Missoulian Slams Commissioners on Big Rig Suit

Aaron Flint posted on April 07, 2011 21:03 :: 1070 Views

Patience with Missoula’s County Commissioners is wearing so thin now, that even their hometown newspaper is calling them to the carpet over their lawsuit against the Big Rigs. 

(You remember the Missoula County Commissioners: the people who lost a major employer in the last year, and yet had “mail-in ballots” as their top legislative priority.)

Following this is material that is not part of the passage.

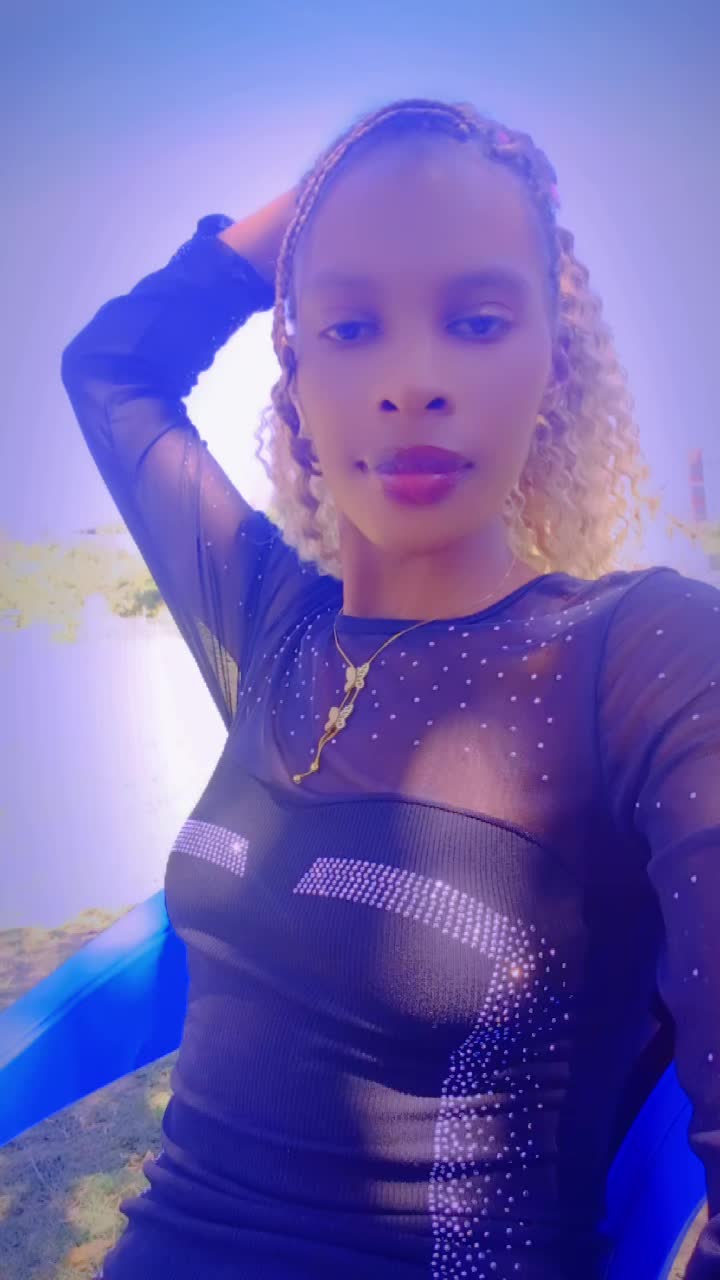 @️Kiki💫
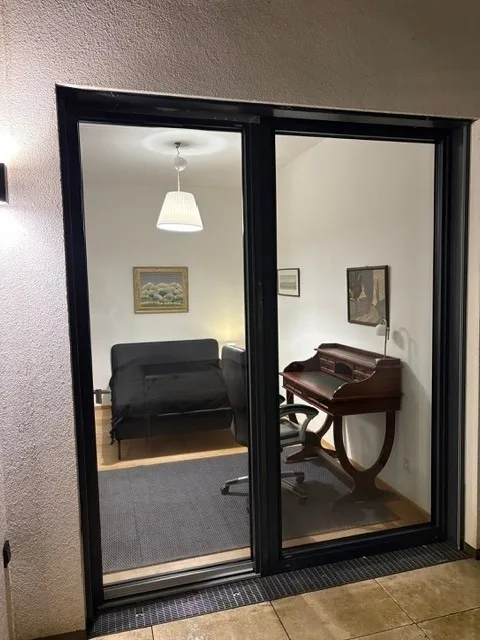 Erdgeschosswohnung mit Garage und Innenhof - westliches Wien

In a lengthy editorial, The Missoulian’s editorial board listed their own names as they blasted the commissioners, calling the lawsuit a “rash move” that “will hurt taxpayers,” win or lose. 

Here’s more:

It’s one thing to have concerns, but some of these concerns border on the ridiculous. How could these rigs possibly hurt tourism? And commissioners are actually complaining about “unneeded improvements” to highways 12 and 200?

The MDT’s analysis has already concluded that no significant damage is likely to occur. Apparently, Missoula’s commissioners and their fellow plaintiffs would like the MDT to keep digging until they find some evidence of irreparable harm – even though common sense indicates no such evidence exists.

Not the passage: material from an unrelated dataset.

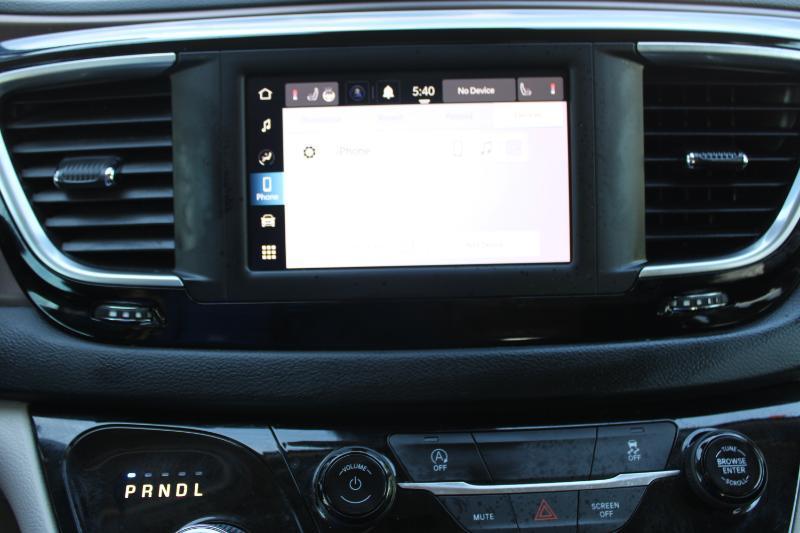 Chrysler Voyager LX FWD 2023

Click here to read the full editorial.

Spook Stang, with the Montana Motor Carriers Association, was highlighting the editorial and added a few criticisms of his own:

“Every working family in Montana should be outraged by the idea that a handful of out-of-touch individuals in Missoula, backed by out-of-state special interests, have the ability to pick and choose what kind of industries are acceptable in our state. Missoula County politicians clearly have an ideological point to make, but that shouldn’t come at the expense of investment and jobs for the rest of the state.” said Barry ‘Spook’ Stang, Executive Vice President of the Motor Carriers of Montana. “Next door in Idaho, the legislature has taken real action to move this opportunity forward.  What is Montana doing?”

“When 65% of residents support an economic development project, and the hometown paper of Missoula’s county government calls its actions ‘meaningless,’ perhaps it’s time the commissioners engage in some honest self-examination and reconsider their ill-advised suit,” added Stang. “Montana needs jobs, plain and simple.  The companies involved have demonstrated a commitment to our communities and our state, investing tens of millions of dollars in road repairs and infrastructure improvements.  It’s simply outrageous that these delays continue.”